In our 3 part video series on Brexit implications for media businesses we touched on some of the issues which the industry will be working on over the next two years to try to ensure that the UK’s intended departure from the EU passes as smoothly as possible. In this article we touch on one particularly thorny issue, the possibility of a Brexit reciprocity gap in the media sector. If this were to happen it could leave some UK-based media businesses at a significant competitive disadvantage compared with equivalent businesses based in the EU.  We explain the issue below, and suggest that it is likely to be a key focus for media businesses in their engagement with Government in the short to medium term.

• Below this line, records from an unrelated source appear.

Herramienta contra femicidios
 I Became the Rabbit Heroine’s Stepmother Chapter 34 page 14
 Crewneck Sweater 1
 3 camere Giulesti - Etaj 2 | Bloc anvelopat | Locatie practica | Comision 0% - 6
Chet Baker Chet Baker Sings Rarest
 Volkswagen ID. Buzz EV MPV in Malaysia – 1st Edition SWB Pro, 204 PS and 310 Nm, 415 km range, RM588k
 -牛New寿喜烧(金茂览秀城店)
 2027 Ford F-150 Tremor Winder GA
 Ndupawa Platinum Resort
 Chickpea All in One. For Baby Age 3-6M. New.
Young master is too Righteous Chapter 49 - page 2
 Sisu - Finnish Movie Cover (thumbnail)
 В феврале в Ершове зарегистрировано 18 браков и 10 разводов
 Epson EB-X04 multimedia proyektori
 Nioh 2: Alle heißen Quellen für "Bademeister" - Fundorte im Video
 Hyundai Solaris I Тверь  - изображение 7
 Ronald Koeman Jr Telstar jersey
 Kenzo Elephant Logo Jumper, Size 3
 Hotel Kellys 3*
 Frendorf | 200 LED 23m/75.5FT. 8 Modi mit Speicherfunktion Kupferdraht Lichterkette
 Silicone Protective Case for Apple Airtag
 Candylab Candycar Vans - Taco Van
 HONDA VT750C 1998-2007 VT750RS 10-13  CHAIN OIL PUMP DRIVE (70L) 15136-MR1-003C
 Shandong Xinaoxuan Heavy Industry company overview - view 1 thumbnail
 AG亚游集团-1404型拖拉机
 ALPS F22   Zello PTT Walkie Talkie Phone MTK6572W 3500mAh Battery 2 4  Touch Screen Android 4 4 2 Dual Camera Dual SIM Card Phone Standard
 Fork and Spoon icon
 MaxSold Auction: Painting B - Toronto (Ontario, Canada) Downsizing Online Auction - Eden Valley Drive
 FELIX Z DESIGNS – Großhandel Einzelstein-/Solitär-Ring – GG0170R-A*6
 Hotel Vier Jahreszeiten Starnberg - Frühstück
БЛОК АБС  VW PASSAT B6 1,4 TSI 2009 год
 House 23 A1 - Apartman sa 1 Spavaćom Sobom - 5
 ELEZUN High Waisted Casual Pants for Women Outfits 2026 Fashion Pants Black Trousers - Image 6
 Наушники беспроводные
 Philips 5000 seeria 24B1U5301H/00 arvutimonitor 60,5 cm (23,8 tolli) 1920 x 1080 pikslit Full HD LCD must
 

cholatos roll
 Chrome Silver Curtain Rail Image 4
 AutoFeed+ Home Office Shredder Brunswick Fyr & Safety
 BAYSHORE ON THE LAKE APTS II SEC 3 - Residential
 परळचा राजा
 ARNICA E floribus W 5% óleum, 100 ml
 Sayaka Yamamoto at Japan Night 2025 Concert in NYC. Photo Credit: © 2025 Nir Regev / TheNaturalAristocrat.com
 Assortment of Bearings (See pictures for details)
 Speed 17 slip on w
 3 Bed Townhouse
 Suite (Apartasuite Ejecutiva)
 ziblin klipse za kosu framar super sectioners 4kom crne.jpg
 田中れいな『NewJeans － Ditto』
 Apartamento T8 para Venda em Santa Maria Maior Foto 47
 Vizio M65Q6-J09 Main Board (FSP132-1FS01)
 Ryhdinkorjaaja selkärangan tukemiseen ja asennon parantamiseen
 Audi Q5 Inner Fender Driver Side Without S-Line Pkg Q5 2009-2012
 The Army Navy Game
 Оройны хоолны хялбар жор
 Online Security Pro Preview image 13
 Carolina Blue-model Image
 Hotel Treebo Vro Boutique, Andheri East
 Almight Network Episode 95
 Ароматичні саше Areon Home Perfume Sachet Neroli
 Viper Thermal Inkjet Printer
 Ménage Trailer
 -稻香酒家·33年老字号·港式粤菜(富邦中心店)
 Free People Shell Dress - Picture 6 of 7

The Great Repeal Bill and its possible consequences

The UK Government’s stated intention is for a Great Repeal Bill to be introduced into Parliament shortly, but only to become law when the UK actually exits the EU. On 29 March 2017, the UK Government served formal notice under Article 50 of The Treaty on European Union to terminate the UK’s membership of the EU (following the June 2016 UK referendum on EU membership). Based on Article 50, the EU Treaties shall cease to apply to the UK and the UK exit will take effect in March 2019 (subject to the unlikely possibility of the withdrawal agreement being concluded sooner and unless all Member States agree to extend the period). Negotiation of a new trade agreement with the EU could take several years beyond 2019 although the Prime Minister has declared the objective of achieving such an agreement within the two-year period.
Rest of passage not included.